The losses in wealth from inequality in earnings between men and women vary by region. The largest losses – each between $40 trillion and $50 trillion – are observed in East Asia and the Pacific, North America, and Europe and Central Asia. This is because these regions account for most of the world’s human capital wealth. Losses in other regions are also substantial. In South Asia, losses from gender inequality are estimated at $9.1 trillion, while they are estimated at $6.7 trillion in Latin America and the Caribbean and $3.1 trillion in the Middle East and North Africa. In Sub-Saharan Africa, the losses are estimated at $2.5 trillion. While losses in low income countries are smaller in absolute terms than in other regions, as a share of the initial endowment in human capital, the losses are larger than for the world.
"The world is essentially leaving $160 trillion on the table when we neglect inequality in earnings over the lifetime between men and women,” said World Bank CEO Kristalina Georgieva. "This is a stark reminder that world leaders need to act now and act decisively to invest in policies that promote more and better jobs for women and equal pay at work.”
In nearly every country today, women face barriers to fully participate in the work force and earn as much as men. Because of this, women account for only 38 per cent of their country’s human capital wealth, defined as the value of the future earnings of their adult citizens - versus 62 per cent for men. In low income and lower-middle income countries, women account for just a third or less of human capital wealth.
Programmes and policies that make it easier for women to get to work, access basic infrastructure and financial services, and control land could help achieve gender equality in earnings, the report reads.
“Human capital wealth accounts for two thirds of the global changing wealth of nations, well ahead of natural and other forms of capital,” said World Bank Group lead economist and author of the report Quentin Wodon. “Because women earn less than men, human capital wealth worldwide is about 20 percent lower than it could be.”

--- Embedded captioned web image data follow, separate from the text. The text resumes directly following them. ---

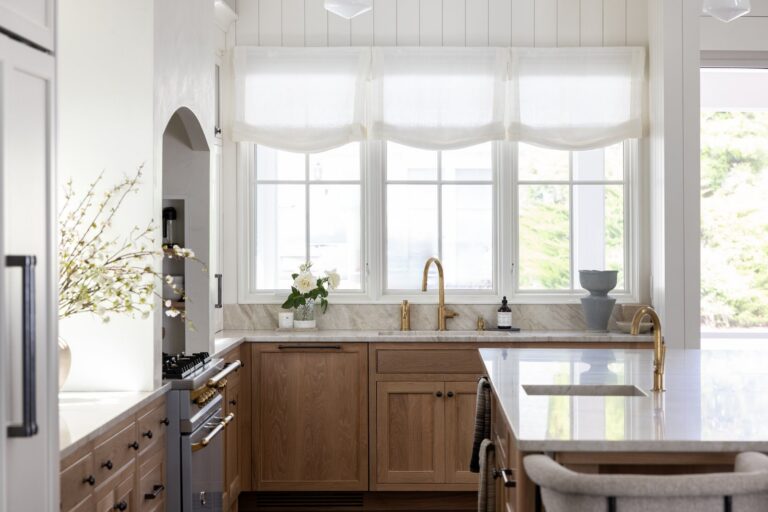 Renovated coastal kitchen with white oak cabinetry and marble counters in a Dewey Beach home by CRx Construction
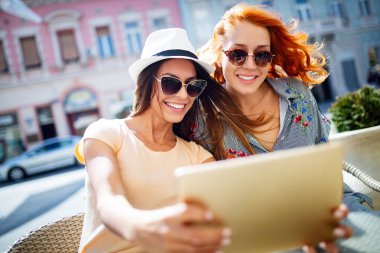 Tatil, turizm ve internet - cafe dışında tablet pc bakarak güzel genç kızlar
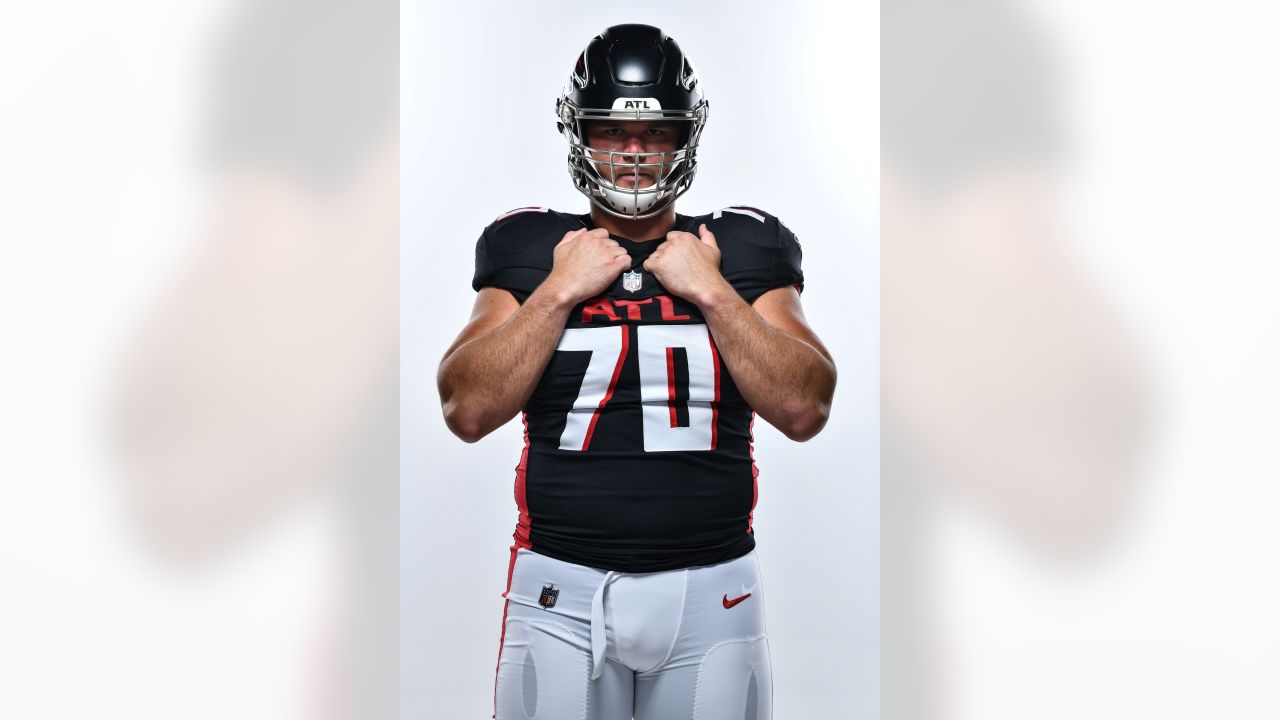 Atlanta Falcons guard Chris Lindstrom (63) on the sideline against the  Detroit Lions during an NFL football game, Friday, Aug. 12, 2022, in  Detroit. (AP Photo/Rick Osentoski Stock Photo - Alamy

The study is part of a broader research program at the World Bank that benefits from support from Canada, the Children’s Investment Fund Foundation, and the Global Partnership for Education. The issue of gender equality in earnings is fundamental and it requires interventions across the lifecycle. Future work will consider other economic costs related to gender inequality, including those related to fertility and population growth.
“There are estimates showing the costs and benefits of gender equality to key economic sectors and economic growth,” said World Bank Group senior director for Gender Caren Grown. “By focusing on wealth, this study is a unique addition to that literature since wealth, and especially human capital, is the assets base that enables countries to generate future income.”